When you’re browsing the web, you’re not transferring any specific personal data to and from the websites you visit. The method of data transfer between your computer and the websites, known as “http”, is technically insecure, in that someone could intercept the data you’re being sent by the website and understand it. But the data is just the content of a public website, so this is hardly important, right?
Things change, however, when you fill in a form or otherwise send personal data across the internet. For this, the “http” method of data transfer is not secure, and so an encrypted version was developed, called “https”. Changing from one to the other is all seamless to web users, so you may never have even known or thought about this before. But if you ever see a web page starting with “https”, you’ll know that any data you send is “secure”.
Google, however, has joined a growing call for all web browsing and data transfer to be secured in this way. If you’re interested, there’s a whole presentation about it here. Proponents say that if the whole web worked on “https”, you could be sure that you’re communicating with who you think you are, that the data has not been tampered with, and that the “conversation” has been thoroughly encrypted anyway. Sites like gov.uk appear to be https by default already, and Google would like to encourage the whole web to be this way. The reason is not so much that it’s dangerous for someone to find out how one visitor has interacted with one website, but the consequences of huge amounts of eavesdropped data being collected, and the pictures that might paint.
So, realising that everyone needs a nudge, Google has dropped a bombshell with this statement: “Over the past few months we’ve been running tests taking into account whether sites use secure, encrypted connections as a signal in our search ranking algorithms. We’ve seen positive results, so we’re starting to use https as a ranking signal.”
Let’s just think about that. They’ve realised (and it’s hardly surprising) that secure sites are likely to be the type of “good” sites which should rank more highly in searches. And that’s exactly why they’re going take that into account. “For now it’s only a very lightweight signal”, they say, but you can rest assured that it’ll become more significant in the future.

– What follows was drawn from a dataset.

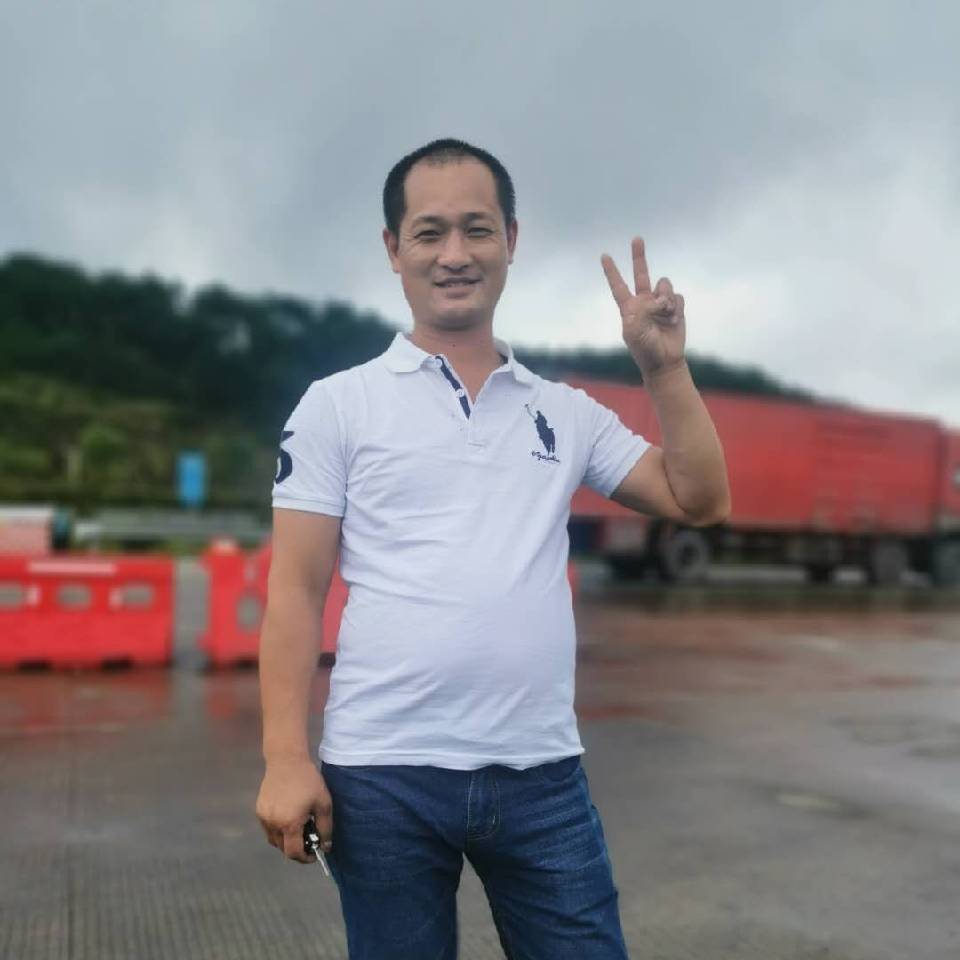 冷月邂逅老实的照片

Change to https and – even if it’s only slowly at first – your site will start to rank more highly in the Google search results.
So the question we should all be asking is: “Should I make my website https?”, followed closely by “…and how do I do that?” This is where it’s advantageous to have a good in-house IT department, or to work with independent web developers/hosts. There is a cost involved outside of their time, but it’s not major. If you’ve got someone to turn to, I would get their opinion on converting your site to https today.
For the rest of us who just use off-the-shelf hosting with “problem only” support, things are a lot more difficult. Unless you know a good website back-end developer who’s not already snowed under with work, you might have to wait until this becomes a standard offering from web hosts and you have a proper website rebuild. That could be a long time. But if you are planning a website rebuild any time soon, I’d advise you to make sure that a change to https is in the specification unless there’s a very good reason not to do so.